In the early aftermath, the official response – or lack of it – only compounded the horror. A presidential statement was more than two weeks in coming. The president’s wife weighed in, personally interrogating some protest leaders and dismissing the abduction as a plot to bring down her husband. The army, meanwhile, was forced to backtrack on a bewildering claim it had rescued all of the girls.

In fact, around 50 of the girls had escaped by jumping out as they were driven towards Boko Haram’s forest training camps. The others, however, remained missing.

Enraged by this apparent indifference, Ezekwesili and others organised a march to the national assembly in the capital, Abuja. Phalanxes of policemen barred the crowd of red-shirted protesters from approaching any official buildings, but the Bring Back Our Girls campaign was born. A Twitter hashtag of the same name caught the world’s attention, with Ezekwesili leading the online movement.

“Since the beginning, they have tried to make us shut up,” says Ezekwesili, who in July tweeted to say that security operatives had tried to prevent her boarding a flight to London, where she was appearing on a BBC programme.

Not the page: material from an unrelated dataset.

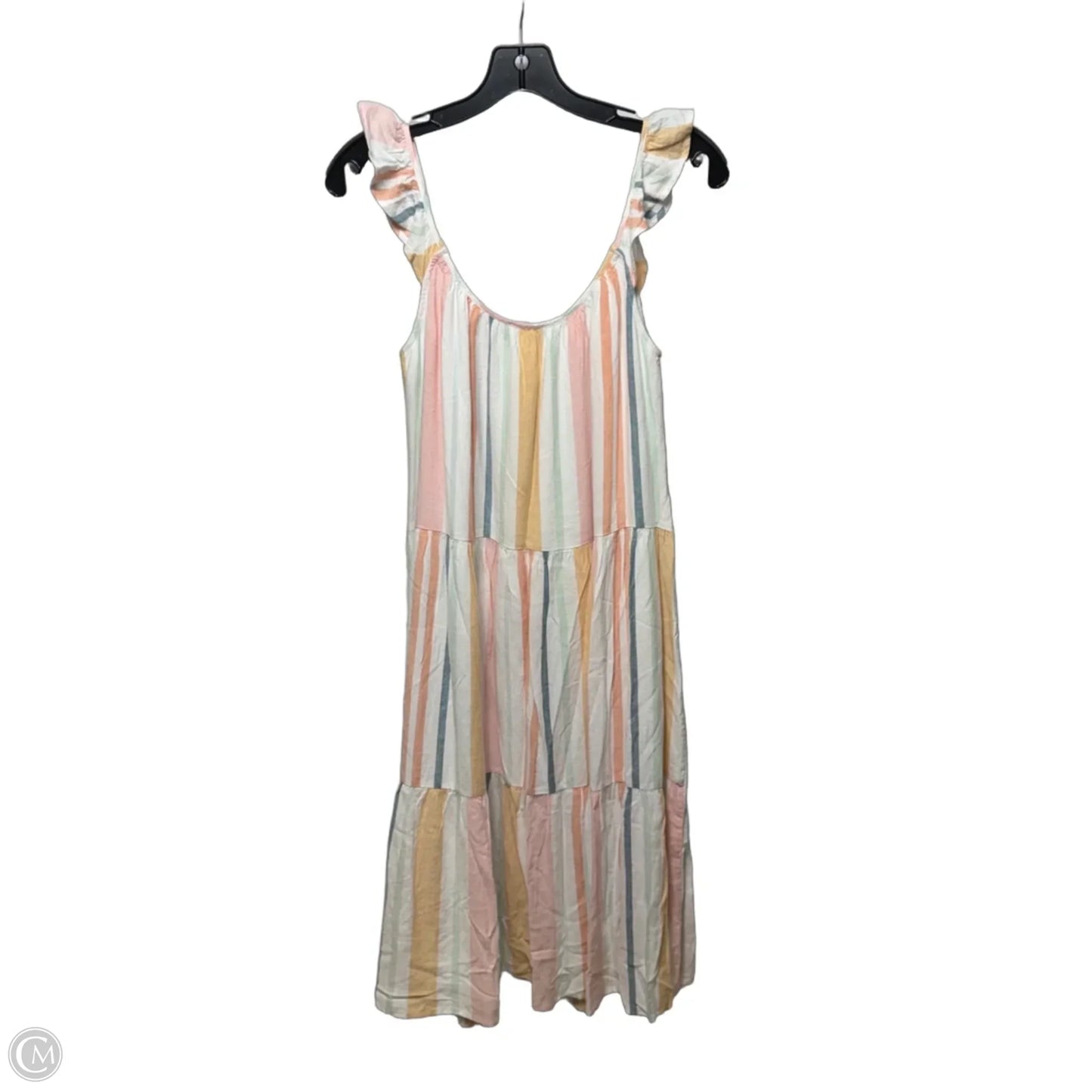 Capri Ruffle Sleeve Midi Dress By Rails In Striped Pattern, Size: S
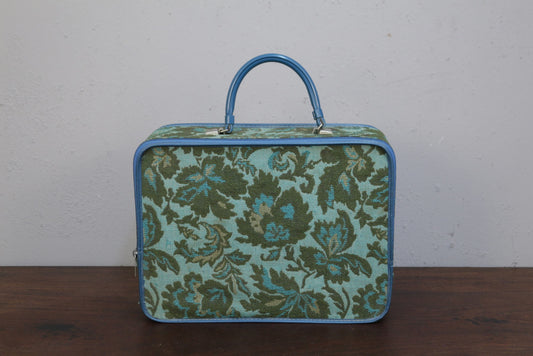 1960s Avon Teal Jacquard Suitcase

All four of the movement’s co-founders stand out in a society with acute gender disparity.

Alongside Ezekwesili, there is Hadiza Bala Usman, an opposition party member who brought the women together and made her name working with anti-corruption campaigners; lawyer and child rights advocate Maryam Uwais, whose scathing takedown of an MP’s arguments in favour of child marriage has entered local campaigners’ folklore; and Saudatu Mahdi, who runs a women’s rights group helping to strengthen anti-violence legislation.

For her part, Ezekwesili has been sharpened for battle by two years in government, first under the department of mines, then later as education minister. Sporting a red beret over her close-cropped hair, she appears regularly at daily vigils in Abuja.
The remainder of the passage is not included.